Well summer is in full swing, and I am LOVING it. When my children suddenly have twice as much surface area (inside and out) over which to spread their manic energy, it can’t help but make things a little less loud in my immediate vicinity. We have a pool at our summer home, wonderful for many reasons but most of all because it ensures exhaustion in our children and those of our house guests. The other night all three of my kids were in bed by 6:15 pm. Asleep? No. But agreeably still and quiet? Yes, so who cares?

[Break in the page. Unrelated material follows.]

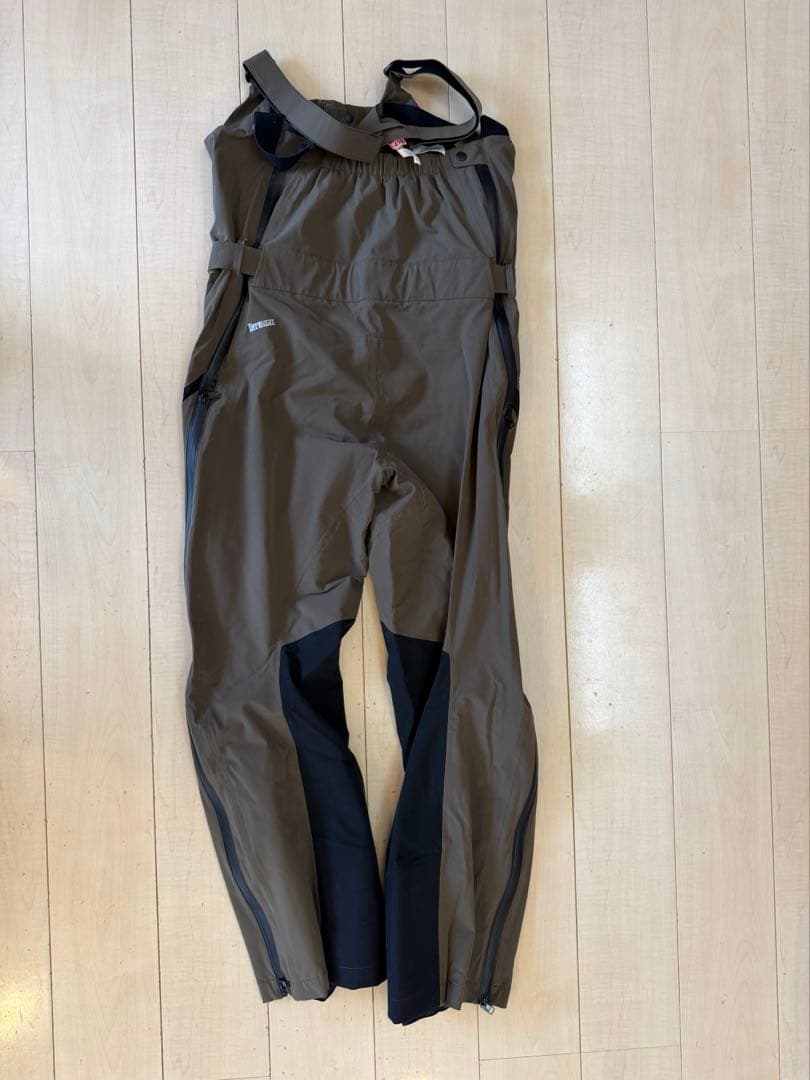 DESCENTE ALLTERRAIN（デサント オルテライン）スキーウェア上下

I went to a barbecue with some friends last night and there were kids the same age as ours running around this person’s backyard at 9:30 pm. When I mentioned that my three were all long asleep, considerable envy was of course displayed. However, I am sure that those children still have tousled bedhead as I write, while mine have been up for three and a half hours. YOU CAN’T HAVE BOTH, is my point. Early to bed means early to rise, and I’ll take that pain because I’d rather have the time to watch Flipping Out on Bravo, by myself, with a glass of chardonnay, than get the extra hours of sleep. I think.
I pride myself on my children being no-nonsense sleepers, so much so that I just got this email from a friend of mine, asking for sleep advice:
All is well but Sofia has started waking up every two hours!!!!! I am a little haggard and a total bitch. How did you get Maddie to sleep through the night? I am considering putting her in another room and letting her cry. What say you wise woman, mother of three?
I am a little afraid to write her back, because here’s the thing: Maddie is STILL not sleeping through the night, at eight and a half months. OK, nine next Saturday. I can hardly carry her at this point, she is so pudgy, and certainly one would think she has enough reserves to get her through a ten or eleven hour stretch, but that is apparently not the case. Last night she was up at 11 pm and 3 am, before greeting the morn at 6:45 am (which is actually blessedly late in my house).
I am ashamed of this. A baby her age should be sleeping. In fact, I first wrote about how people were aghast that she wasn’t sleeping through the night FIVE MONTHS AGO. And to all of you, I say, I know that she should be sleeping. I know that it is my fault she is not sleeping. But, if I may:
MITIGATING FACTORS EXPLAINING WHY I DO STILL NOT HAVE MADDIE SLEEPING THROUGH THE NIGHT
– she just got another tooth up top.
– that is her fourth tooth, which means it is the fourth round of not sleeping well in the last two months.
– she had a cough
– we were in London
– I didn’t get a good enough dinner into her
– she won’t take a bottle before bed, only halfhearted nursing
– she is therefore STARVING in the middle of the night and nurses desperately
– I need David to break her for me and he’s going on a business trip tomorrow
– I still haven’t gotten blackout shades for her room
– it was too hot in her room
– it was too cold in her room
Do any of those reasons make me seem like less of a loser for having not gotten this done yet?
Every night, before I go to bed, I think, tonight, TONIGHT we begin. Tonight I will gently pat her back and sing her a lullaby and then leave her to “cry it out” (read: scream like she is being drawn and quartered) until she passes out from exhaustion. But then, 3 am comes, she is bleating, and I think, I can let her cry for an hour, and then be up all night, or I can go in there and nurse her for five or ten minutes, and then we both go back to sleep. I choose the latter. I choose my short term comfort over both of our long term gain. I am weak, I’ve said so.
So I’m thinking tonight I will start with a midnight to 5 am ban. I’m not going to feed her if she cries within those hours. For now, before or after are fair game. Then I will start moving the clock back on both ends. Is that good? Am I thinking of this the right way? Does anyone have any words of wisdom? They would be much appreciated.